Au cours d’une interview que cette autorité de l’école a accordée à la Radio Isanganiro ce jeudi , il a reconnu qu’effectivement ces enseignants avaient été mutés par l’ancien directeur provincial de l’enseignement de Cibitoke, Anicet Saidi, qui vient d’être limogé de ce poste par le ministre de tutelle.
Cependant, la même autorité semble esquiver sur les pots de vins qui auraient le devant lors des décisions sur les mutations à l’endroit de ces enseignants.
Pour ces enseignants qui refusent de s’exécuter, la mesure que ce nouveau directeur a prise à savoir celle d’annuler leurs mutations est contraire à la loi. Ils estiment qu’ils avaient déjà loué des maisons lorsque ces novelles affectations leur ont été communiquées.
La mesure est aussi arbitraire selon ces personnes parce que les mutations continuent à être accordées à d’autres personnes pour des raisons dont probablement le favoritisme. Lorsque l’ancien directeur provincial de l’enseignement a eu écho qu’il pourrait à tout instant être remercié, il aurait à la va vite accordée des mutations à certaines qui en avaient fait la demande selon les sources dignes de foi. Les mêmes sources précisent que les pots de vins auraient été versés à cet homme du nom d’Anicet Saidi.

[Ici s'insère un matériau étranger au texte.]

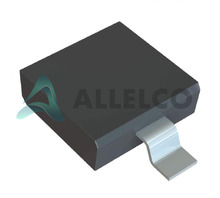 MXPLAD7.5KP40AE3 Image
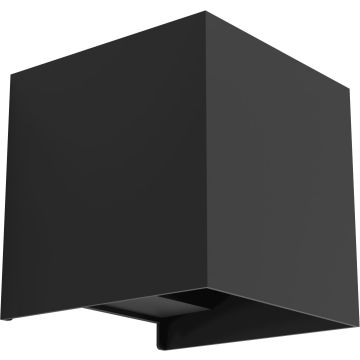 Eglo VALMONTONE 901049 Stena svietidlo 2x1.5w/led 3000k ip20 400lm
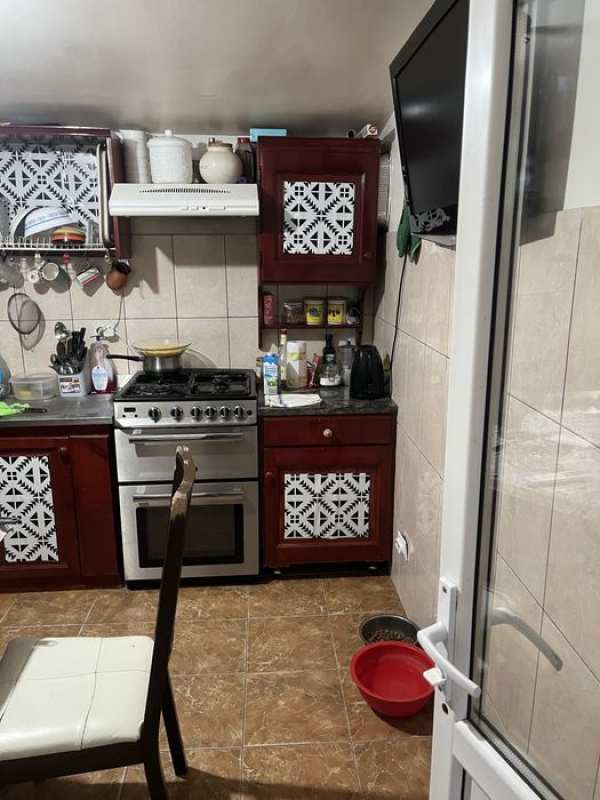 Ocazie !  Urgent casa batraneasca locuibila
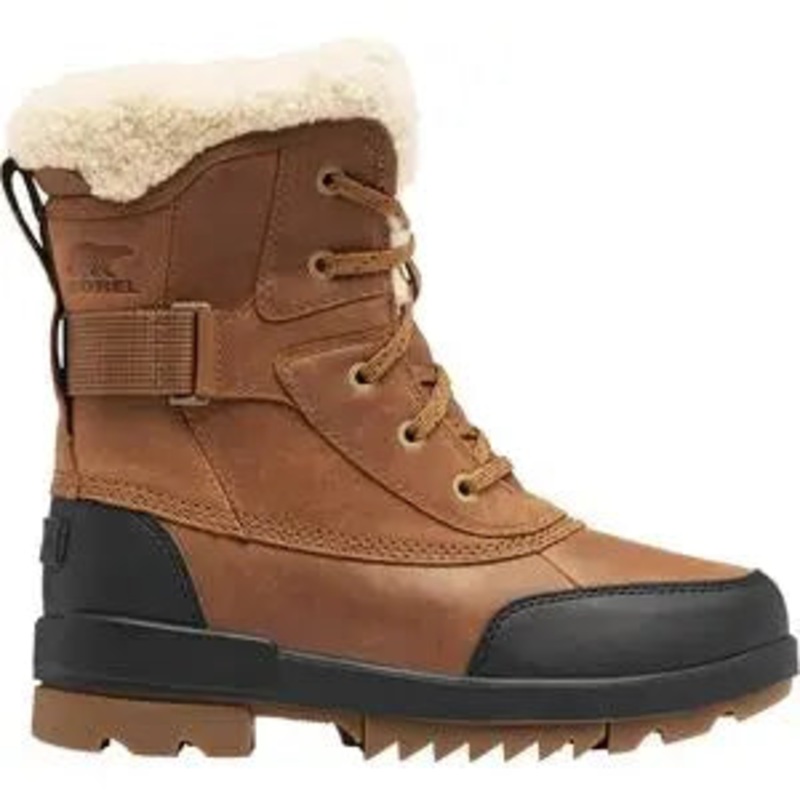 Sorel Tivoli IV Parc Boot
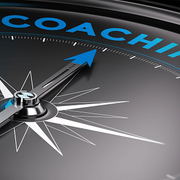 archeas coaching services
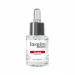 Inspire Fraway Remover Do Skórek 15 ml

Aujourd’hui puisque la donne a changé, Egide Ngendambozi a plutôt tout fait tomber à l’eau en annulant ces mutations. Il avance que les enfants ont été laissés en solitaire dans leurs classes. Les communes de Buganda et Rugombo sont prisées par les enseignants parce qu’elles sont à proximité de la route contrairement aux autres. En attendant, l’issue de la question le ministre de tutelle a le dernier mot sur la question.